Etta felt stunned. All she could think of was how awful he should catch her looking so dreadful.

‘I talked to Marius earlier,’ said Valent. ‘Wilkie’s doing smashing but they’ve been held up by the weather. Pity he’s not speaking to Harvey-Holden or he could have borrowed his all-weather gallops.’

‘How was Harvey-Holden tonight?’ asked Etta with a shudder.

‘Evasive, never met my eyes once. Very nice wife.’

‘How did Trixie do?’

‘Brilliantly, best thing about the evening, smashing kid, brave as a lion, gorgeous lookin’. I’ll give her a job when she leaves school. Much better guard dog than that thing.’

Etta’s sad face lit up. ‘I’m so pleased, Martin and Romy and Carrie put her down so much.’

Valent smiled as Gwenny stalked in and jumped on to his knee, purring thunderously.

‘What happened at the meeting about Mrs Wilkinson?’ he asked.

Etta didn’t want to drop Bonny in it.

‘Lester Bolton was horribly persuasive and turned people against Marius,’ she stammered. ‘Some members are finding it difficult to pay their monthly subscription.’

You includ
ed, thought Valent.

‘Should have rung me,’ he chided her, ‘I’d have sorted it. Here’s my mobile number,’ he handed her a card, ‘if you get any trouble.’

As she got up to fill his glass, her dressing gown fell open again to show little purple feet.

‘Why aren’t you wearing slippers?’

‘Priceless ate them,’ said Etta.

They chatted about the yard.
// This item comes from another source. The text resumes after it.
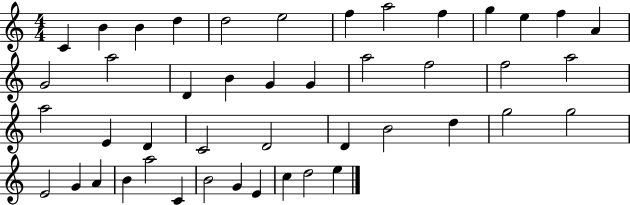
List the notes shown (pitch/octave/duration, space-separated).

C4/q B4/q B4/q D5/q D5/h E5/h F5/q A5/h F5/q G5/q E5/q F5/q A4/q G4/h A5/h D4/q B4/q G4/q G4/q A5/h F5/h F5/h A5/h A5/h E4/q D4/q C4/h D4/h D4/q B4/h D5/q G5/h G5/h E4/h G4/q A4/q B4/q A5/h C4/q B4/h G4/q E4/q C5/q D5/h E5/q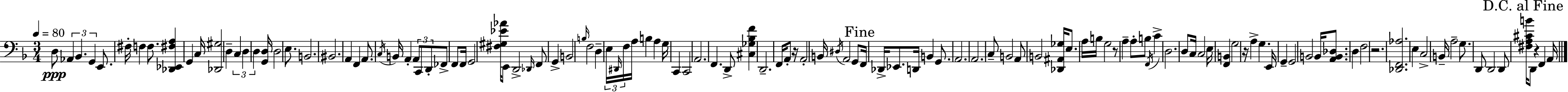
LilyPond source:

Everyone was happier without Michelle, Rafiq was doing well and had won several races. Furious had disgraced himself running the wrong way at the start at Towcester, then spinning round, which would have upset most jockeys, had caught up and overtaken the rest of the field.
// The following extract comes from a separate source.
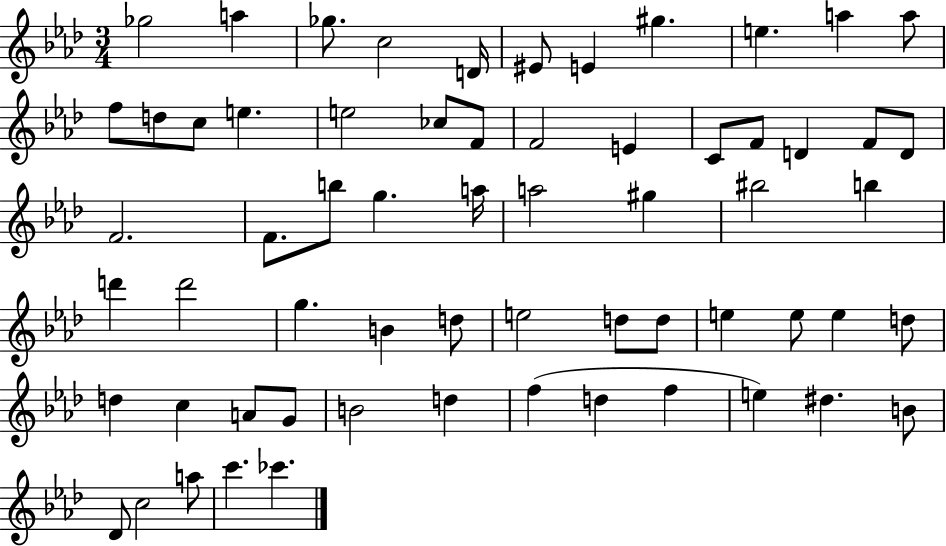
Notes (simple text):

Gb5/h A5/q Gb5/e. C5/h D4/s EIS4/e E4/q G#5/q. E5/q. A5/q A5/e F5/e D5/e C5/e E5/q. E5/h CES5/e F4/e F4/h E4/q C4/e F4/e D4/q F4/e D4/e F4/h. F4/e. B5/e G5/q. A5/s A5/h G#5/q BIS5/h B5/q D6/q D6/h G5/q. B4/q D5/e E5/h D5/e D5/e E5/q E5/e E5/q D5/e D5/q C5/q A4/e G4/e B4/h D5/q F5/q D5/q F5/q E5/q D#5/q. B4/e Db4/e C5/h A5/e C6/q. CES6/q.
‘Marius was ecstatic. He thinks if he can stabilize Furious a little, he’s got a world-beater,’ said Etta.

Gwenny settled between Valent’s thighs, purring like distant farm machinery.

‘How was the food tonight?’

‘Smashing, congratulations.’

‘I didn’t cook it. It came from William’s Kitchen.’

As he burst out laughing, Valent’s weary face lifted.

‘Trixie told everyone you’d cooked it all, so a bitch called Blanche Osborne hardly touched anything.’ Oh God, he hoped he hadn’t hurt Etta, but she looked delighted.

‘I’m so pleased you didn’t like her, she always made me feel so hopeless.’

‘She told Corinna to cut her hair, imagine how that went down.’

Neither of them mentioned Bonny, although Valent longed to pour his heart out. How Bonny had demoralized him, who’d always been pretty sure of himself. How he now doubted his taste in houses, in clothes – he was so glad his overcoat was covering the poncy flowered shirt. Bonny had made him so aware of his ignorance of the arts. She was always criticizing his pronunciation, his manners. Was he making a complete fool of himself, running after someone half his age? One of the reasons he had agreed to go tonight was because he had assumed Etta would be there and she made him feel safe.

Turning to the bookshelves and the books piled up beside them, he found novels and the volumes of poetry Martin had mentioned so dismissively.

‘I’ve never read mooch poetry,’ he confessed.

‘Borrow this.’ Etta handed him the Everyman Book of Poetry. ‘It’s full of lovely stuff.’